Following on from this, Alan Monterey's proposals for new trade delegate posts should have been a simple matter, backed as it was by the merchant guilds and with the vocal support of Sheriff Dixon and the Lord of the City. However a brilliant and powerful speech by Vanessa St Lawrence proposed instead that the same money instead be spent on an orphanage. Building on the rebellious mood of the Witanmoot, she quickly gained support for her proposals from all areas of the Witanmoot, and before the faction leaders could do anything about it, the council had approved a donation of 300 pounds to Gax's orphanage project.

The expected threat to Sheriffs Dixon's re-election failed to materialise, with the council clearly deciding to back experienced candidates. Dixon was elected by a resounding 21 votes. The only dissent coming from Alice Fytton who said she was surprised that other aldermen were willing to give power to someone with such a history of abusing it. Alan Griffiths returned to the post of Sheriff after an absence of some years; his 15 votes easily outweighing Key's 6 and Rucche's 2. Ariane Pencric had been expected to do well but received no votes at all and had difficulty covering her disappointment.

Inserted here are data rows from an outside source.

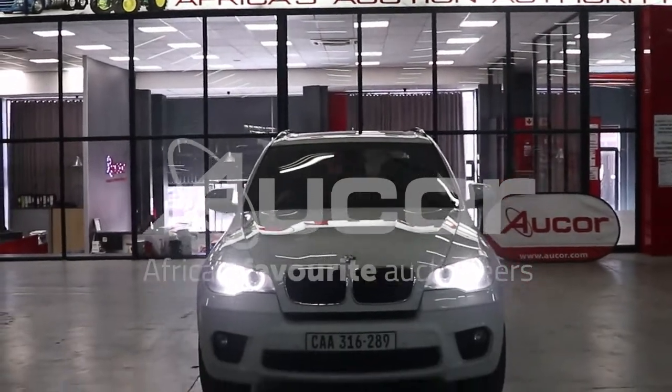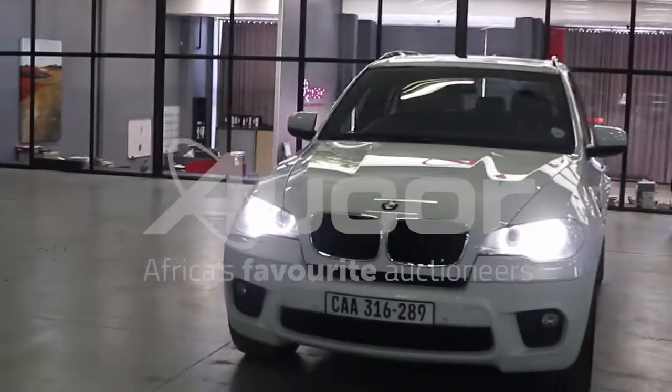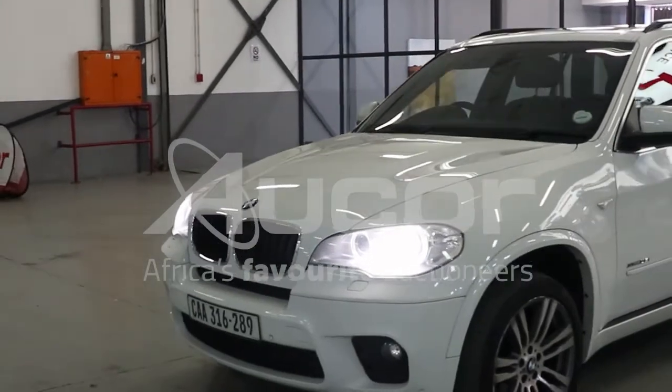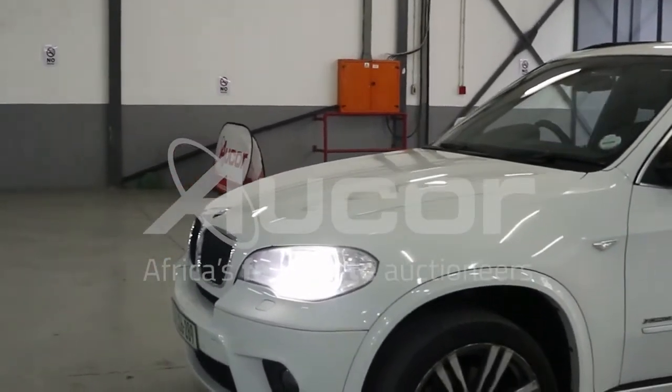This is a BMW X5, the X-Drive 35i automatic, an absolutely awesome SUV — one of the better ones that BMW released. Overall condition of this car is fair to good for its year model and mileage.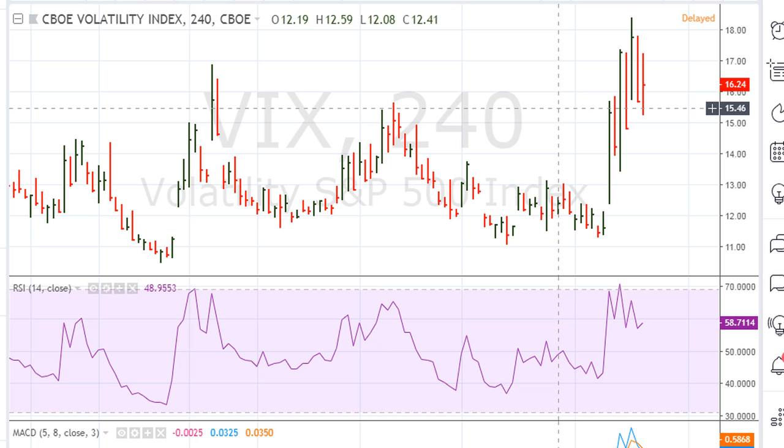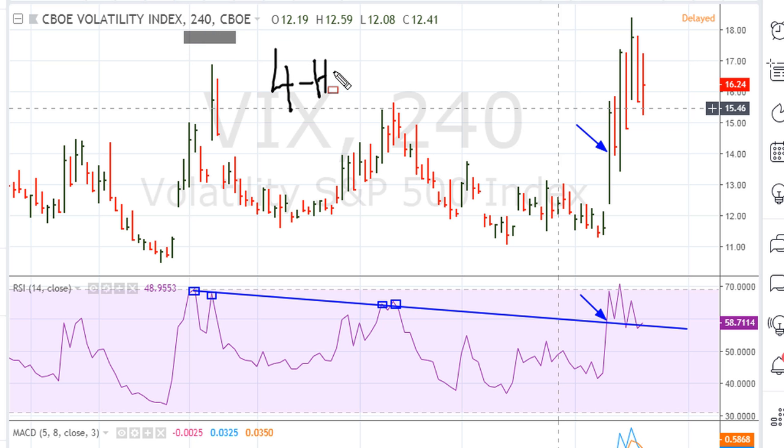Number one: if the VIX continues holding this line, which connected the previous RSI highs. What happened here is we moved above the line for this move higher. By the way, this is for the VIX four-hourly chart. We've seen the VIX come back and test this line. Right now we are seeing support activity. So the first requirement for the VIX to continue having an upward bias is that the VIX continues holding this line.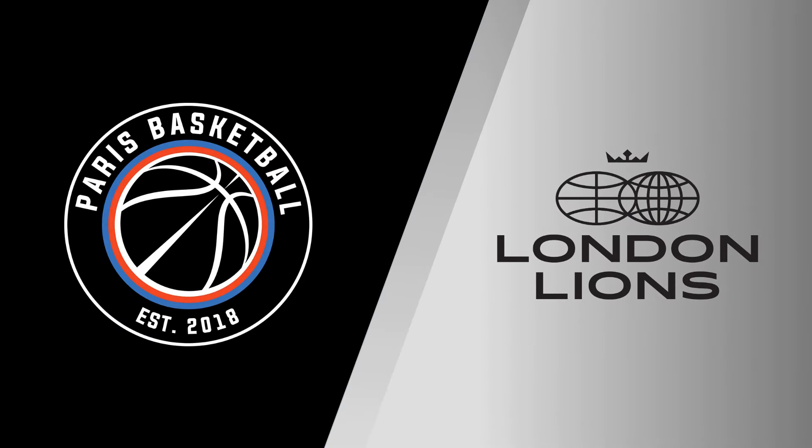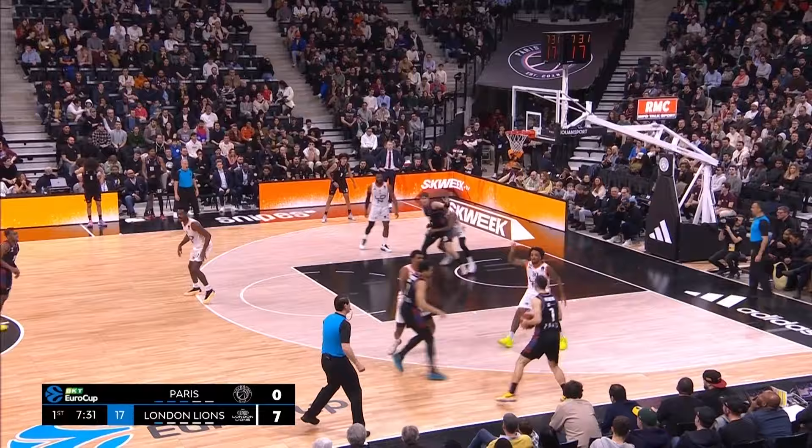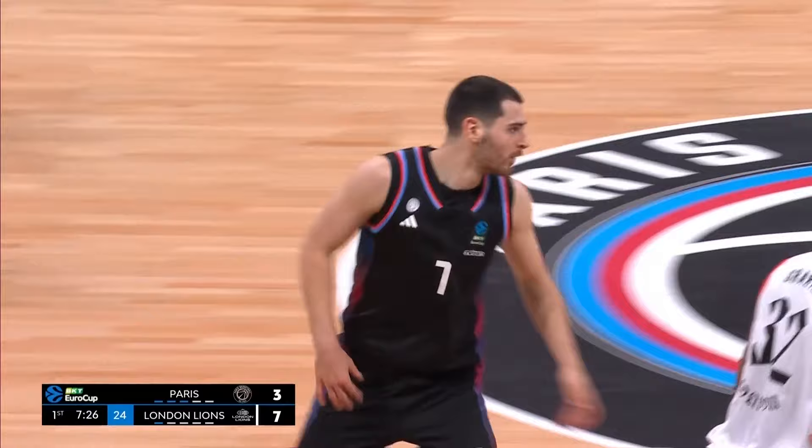Lions out to a 7-0 start. Herrera, third time of asking, finally finds the bottom. And that brings some relief in the arena.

Lady Perignon's Midsummer Ball was a lively event. With the long absence of such balls and the need to recover from a heavy week on council, most people let their hair down and relaxed. Lady Perignon glided around as a stately and gracious hostess, while Sheriff Dixon celebrated by turning up in an elegant new suit of black velvet which managed to exceed even Sheriff Griffiths' distinctively startling costume by Eshi. Alan Monterey's continued sulk over his trade delegate proposals lead to him being mostly ignored, and William Trueman's drinking binge led to some heartless comments. Much attention was paid to Adam Avery's startlingly witty comments which kept everyone entertained while the musicians were distracted. However it was Aralan Derwent who provided the most dramatic incident, being expelled from the ball under scandalous circumstances involving a rolled up tapestry, a dozen wine goblets and most of the minstrels gallery. Despite the Chronicler's best efforts we have not been able to determine exactly what happened, but a disgusted Lady Perignon has banned the councillor from future civic balls. Sheriff Dixon was rather more relaxed about the incident: "She's probably just upset everyone. That's what she normally does, doesn't she?" he commented.